It’s been five days since I’ve heard from Hannah, five days that I’ve been beating myself up over the fact that I let my anger get the best of me. I let the shame I had been feeling drag me down to a place I never wanted to be. Abby told me she had gone home to stay with her mom but that she hadn’t heard much from her either.

A knock on my door pulls me from my tumultuous thoughts. Was I expecting anyone today? Oh, shoot! Hannah! Hope flares in my chest only to be extinguished when I realize it’s just Tate. Opening the door he pushes past me like he’s got a mission to complete. “Well, hello to you too?” I mutter, closing the door behind him.

“I did it.” He says as he paces my living room like a caged animal. “I told her she wasn’t good enough for you.

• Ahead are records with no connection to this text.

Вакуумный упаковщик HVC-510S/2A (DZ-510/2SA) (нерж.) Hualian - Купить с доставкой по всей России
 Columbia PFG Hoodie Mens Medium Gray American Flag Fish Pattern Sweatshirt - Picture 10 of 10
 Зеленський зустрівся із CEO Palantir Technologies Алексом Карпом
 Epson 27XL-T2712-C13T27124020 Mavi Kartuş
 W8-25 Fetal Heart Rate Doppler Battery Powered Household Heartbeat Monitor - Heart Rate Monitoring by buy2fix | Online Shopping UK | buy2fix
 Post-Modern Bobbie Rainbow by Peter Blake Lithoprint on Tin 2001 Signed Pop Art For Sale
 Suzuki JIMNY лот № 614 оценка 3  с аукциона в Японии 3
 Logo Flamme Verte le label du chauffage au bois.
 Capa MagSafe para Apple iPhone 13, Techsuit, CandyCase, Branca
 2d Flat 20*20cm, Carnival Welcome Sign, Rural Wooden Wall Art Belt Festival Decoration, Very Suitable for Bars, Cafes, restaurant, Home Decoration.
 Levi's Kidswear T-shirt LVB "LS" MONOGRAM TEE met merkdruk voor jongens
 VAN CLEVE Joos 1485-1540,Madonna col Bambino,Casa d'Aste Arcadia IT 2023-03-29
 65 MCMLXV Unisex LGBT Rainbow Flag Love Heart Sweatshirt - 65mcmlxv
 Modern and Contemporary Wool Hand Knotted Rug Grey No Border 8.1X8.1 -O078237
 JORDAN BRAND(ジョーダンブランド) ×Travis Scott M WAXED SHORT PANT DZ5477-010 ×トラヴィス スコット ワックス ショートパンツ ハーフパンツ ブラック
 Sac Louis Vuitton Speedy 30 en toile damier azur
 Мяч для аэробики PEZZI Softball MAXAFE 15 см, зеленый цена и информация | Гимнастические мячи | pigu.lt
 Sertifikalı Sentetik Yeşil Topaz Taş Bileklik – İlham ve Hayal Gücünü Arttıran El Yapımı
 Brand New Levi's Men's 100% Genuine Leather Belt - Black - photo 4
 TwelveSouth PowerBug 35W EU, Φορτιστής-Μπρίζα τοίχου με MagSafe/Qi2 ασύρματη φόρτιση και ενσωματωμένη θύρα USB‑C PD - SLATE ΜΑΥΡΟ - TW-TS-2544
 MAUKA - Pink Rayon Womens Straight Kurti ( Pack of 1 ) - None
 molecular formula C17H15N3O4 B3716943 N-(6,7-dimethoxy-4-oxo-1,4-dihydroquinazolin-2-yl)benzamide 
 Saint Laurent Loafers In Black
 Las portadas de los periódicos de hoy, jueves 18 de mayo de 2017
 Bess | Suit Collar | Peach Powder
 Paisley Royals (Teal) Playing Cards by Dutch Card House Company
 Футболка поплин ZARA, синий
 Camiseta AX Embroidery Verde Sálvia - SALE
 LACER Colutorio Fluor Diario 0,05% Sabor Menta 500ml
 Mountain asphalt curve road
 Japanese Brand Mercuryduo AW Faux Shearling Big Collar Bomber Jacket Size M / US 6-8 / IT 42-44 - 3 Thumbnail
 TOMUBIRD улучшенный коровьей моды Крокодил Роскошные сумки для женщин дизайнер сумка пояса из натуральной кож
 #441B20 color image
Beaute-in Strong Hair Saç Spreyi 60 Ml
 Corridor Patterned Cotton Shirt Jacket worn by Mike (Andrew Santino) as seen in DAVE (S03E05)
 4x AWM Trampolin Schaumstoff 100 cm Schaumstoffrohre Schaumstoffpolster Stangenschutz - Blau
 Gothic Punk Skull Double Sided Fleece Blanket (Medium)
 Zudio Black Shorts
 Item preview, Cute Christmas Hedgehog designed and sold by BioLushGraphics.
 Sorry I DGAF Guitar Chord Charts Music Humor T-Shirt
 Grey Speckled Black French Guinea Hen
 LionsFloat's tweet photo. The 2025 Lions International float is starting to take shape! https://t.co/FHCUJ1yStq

I made her feel like crap, and then when Kara showed up at the carni–”

“Woah there, little buddy, pump the freaking brakes...” I interrupt, his words barreling into me like a bull in a china shop. “Kara showed up where?”

“Umm... The carnival,” What. The. Frick.

“I’m sorry. It sounded like you just said that Kara, the wicked witch of the Pacific Northwest, showed up at the carnival.” Disbelief evident in my voice. How? How did more than a week go by and I didn’t know about this?

“That’s exactly what I said.” he replies softly.

“Why did no one tell me she was there?” I practically growl it at him. He turns his head slightly so his eyes can meet mine; they look so tired, there’s no light there.

“I thought someone would have said somethi ng to you. It’s not like I’m the only one who saw her.”

I pinch the bridge of my nose, this adds insult to injury. Every decision, every action, every word I’ve said to Hannah over the past few weeks runs through my mind. I don’t know how I’m going to fix this. I guess I should start right here. Looking down at my socks, I dig deep. “I’m sorry, not only to Hannah and the kids but to you. I was a jerk; I know you meant well.”

“I’m disappointed in myself, too. You’re my brother Greyson. We’re supposed to be a team. You helped me through the darkest time in my life; I should be helping you through yours. Instead, I hurt someone you cared about on purpose.”

I sigh, knowing this next part is going to inflate his already large ego. “You were right. I do need to get myself together before I try to fix what I broke with Hannah. But I might need your help.”

His smile is small but genuine. “Say it again so I can record it.” He holds up his phone, his feeble attempt at humor cuts through a bit of the tension. “I’ll help you. On one condition.”

I snort out a laugh, something I can’t even recall doing over the past few weeks. It’s weak, but feels good regardless. “Name it.”

“You have to apologize to Hannah. I know you think that it was just you that made her run, and you feel guilty about it. But you don’t know the full story. Your actions were just the straw that broke the camel’s back.” I tilt my head to the side; what does he know that I don’t?

My heart sinks further into my stomach. “What do you mean? What else happened?”

He hesitates for a moment, rubbing his hand across his beard before answering. “Well... You now know the part where Kara showed up. But then spewed a bunch of crap about being the future Mrs. Wilder and how Hannah was just a placeholder. Hannah held her ground though, it was awesome.” He clears his throat before looking down at the floor. “And then Kara backhanded her hard enough it cut her cheek open”

The weight of his words settles like Wile E. Coyote just dropped an anvil on the Roadrunner. My stomach churns violently. Someone laid their hands on my Kitten? My ex laid her hands on my future? The woman who means everything to me? I think the frick not. I start to grab my keys to my car when my feet freeze on their own accord at the thought that passes through my mind.

She probably thinks I strung her along. I ignored her when she reached out for me. I pushed her away when all she wanted was to make sure I was okay. Then Kara shows up out of nowhere, probably confirming every fear she had.

Son of a nutcracker! I acted just like her father. No wonder she walked, no ran away. I can’t even blame her this time; I would have done the same thing.

“Fine,” I manage, my voice heavy with emotion. “But you have to apologize to her too.”

He nods his agreement. “I will.”

We stare at each other for a moment, the weight of the situation hangs like a heavy cloud. My thoughts are a whirlwind of guilt, regret, and a desperation to make things right.

I swallow hard, I’ve hurt her. She faced my demons for me and I didn’t even know it. I left her alone. I’ll be damned if I don’t do everything I can to fix it.